Madeline Island, all I ever dreamed of…

22nd – 29th June: Days 75 – 82

Our only stop in Wisconsin is Madeline Island, the only inhabited of the 21 Apostle Islands. These are a cluster of islands just off the shore in Lake Superior, protected as National Shoreline Park.  A small car ferry makes the 20 minute trip from the small, quiet, picturesque mainland harbour of Bayfield to tiny, sleepy, beautiful La Pointe, the only settlement on the island.  Madeline has a long history as a port and fort, with interactions between Native Americans, fur trappers and traders, loggers, prospectors and missionaries. Now it is all about holidays. The island is 15 miles long by 3 miles wide, has 3000 residents in summertime, but only 300 ‘year-rounders’. The winter residents can drive their cars across the ice to Bayfield once it has frozen thick enough. Difficult to imagine when visiting in June.

We had stocked up with provisions on the mainland, did the laundry in La Pointe and then headed out of town the 6.5 miles to our camp.  The only camping on the island is in 2 parks halfway up the island on a big bay called Big Bay. One is a State Park and the other is owned by the town called Big Bay Town Park. Logical. We were in Town Park which was a lovely wooded camp with large secluded sites, fire pits, a beach and a lagoon. The roads to and from La Point were fairly flat, wide, smooth and had designated cycle lanes.

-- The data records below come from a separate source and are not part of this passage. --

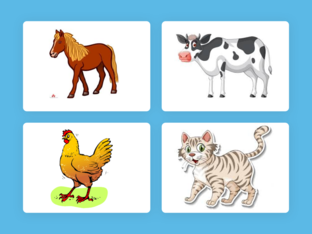 חיות by אביטל גרינצייג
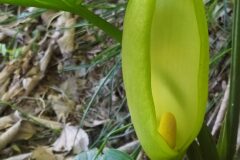 Arum italicum_Merce Vallicrosa CC BY-NC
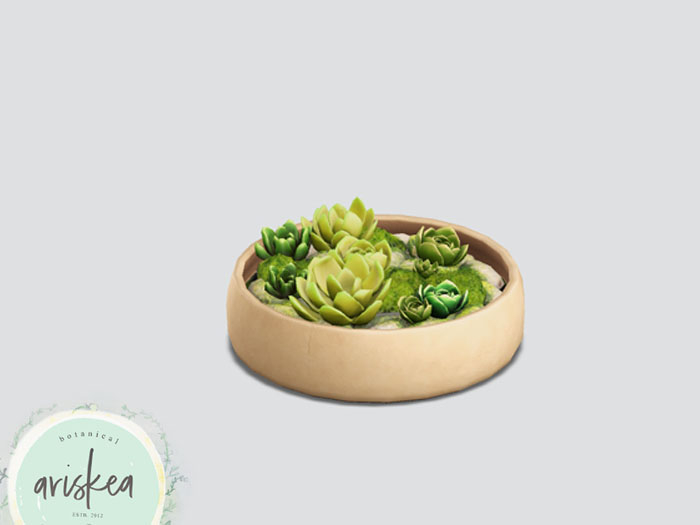 Ariskea[Earthing] Succulent Plate
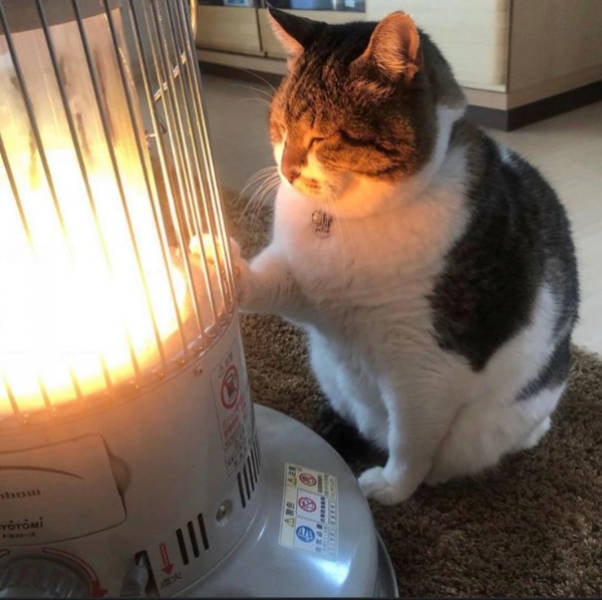 Somewhere Between Brilliant and Ridiculous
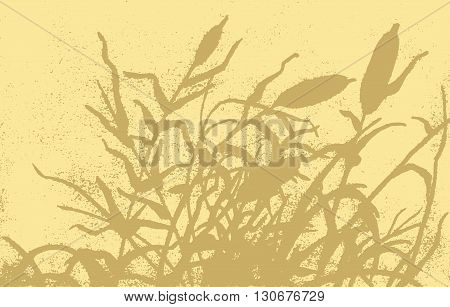 Reed Vector Illustration.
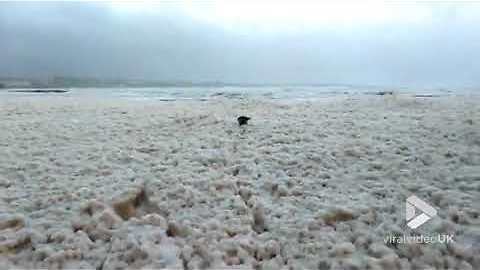 Silly Pup Enjoys Running In Sea Foam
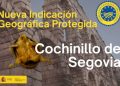 cochinillo de Segovia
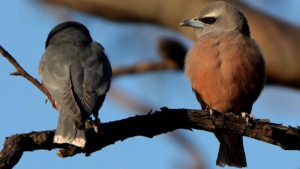 Pair of White browed Woodswallows - Credit Ellura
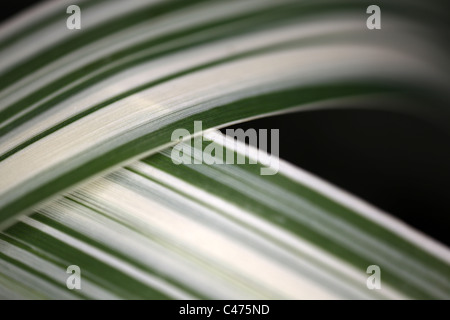 Arundo Donax Variegata - Riesengras Reed - abstrakte geringer Tiefe des Blickfelds Stockfoto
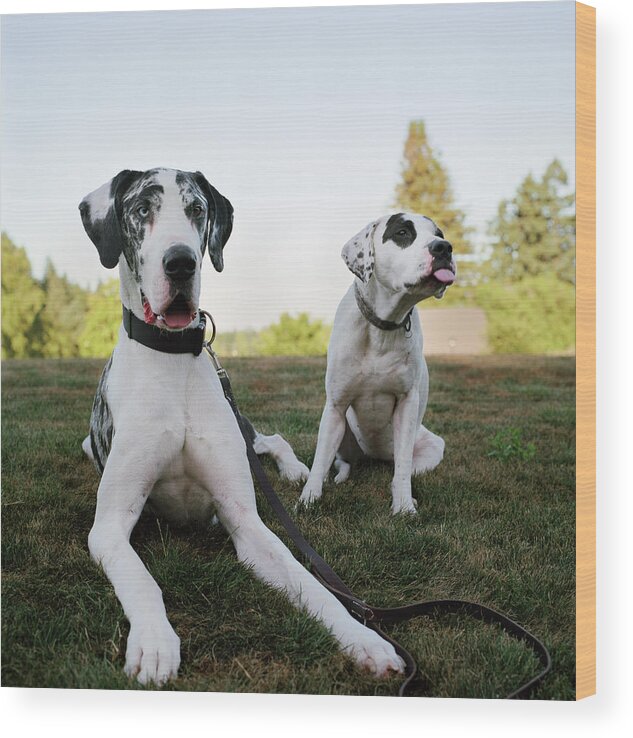 Pets Wood Print featuring the photograph Two Silly Dogs In Park by Danielle D. Hughson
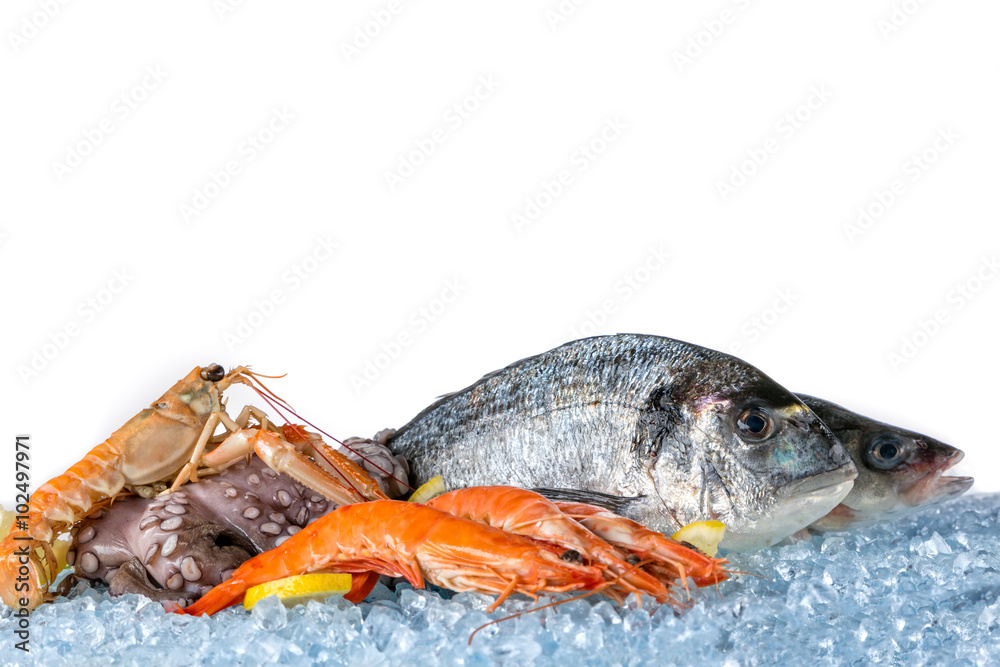 Fresh seafood isolated on white background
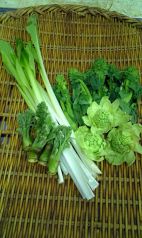 【地野菜料理いろいろ】川口市朝採り無農薬野菜を使用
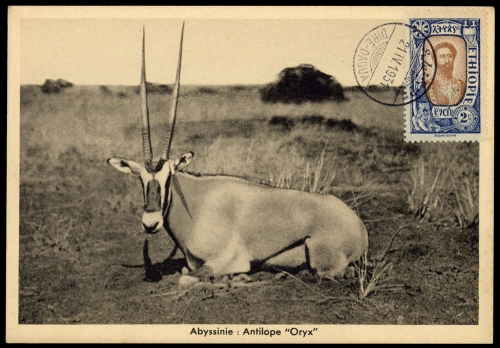 1919, Äthiopien, 68, Brief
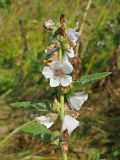 Althaea officinalis. Верхняя часть растения с цветущими и отцветшими цветками. Ульяновская обл., Мелекесский р-н, окр. с. Дубравка, дол. р. Ташёлка, берег заросшей старицы. 26.08.2023.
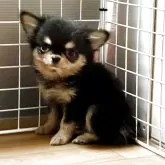 チワワ(ロング)【香川県・男の子・2025年8月13日・ブラックタン】の写真3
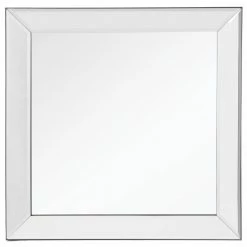 Camden Isle Dartmouth 19.5 In. X 19.5 In. Casual Square Classic Accent Mirror Lighting & Mirrors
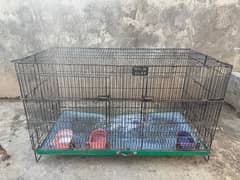 Cage for sale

A fantastic place to be on 2 wheels.  The hottest business in town on a sunny day is the moped rental outfit.

We had 7 nights here and after getting installed on a lovely warm afternoon we started island life with sundowners on the beach and sausages cooked on an open fire. Bliss.

The next day we saddled up and rode back to La Pointe. The island was beautiful, the verges filled with wild lupins, and loads of amazing waterfront holiday homes with their own docks. I can see why this place is a popular holiday spot.

 

Our chief objective today: to find somewhere we could watch the next 2 Americas Cup sailing races the next day. The Beach Club, a bar overlooking the ferry wharf, fitted the bill perfectly. We had lunch sat up at the bar admiring the view and chatted to a local called Leon, a slightly unkempt retired lawyer, who seemingly now fills his days with margaritas.  We headed home, stocked up with firewood and had another evening sitting around and cooking on the fire. Our planned stargazing was curtailed by some rain, so we headed in and broke out Breaking Bad Season 3. Now we’ve started something…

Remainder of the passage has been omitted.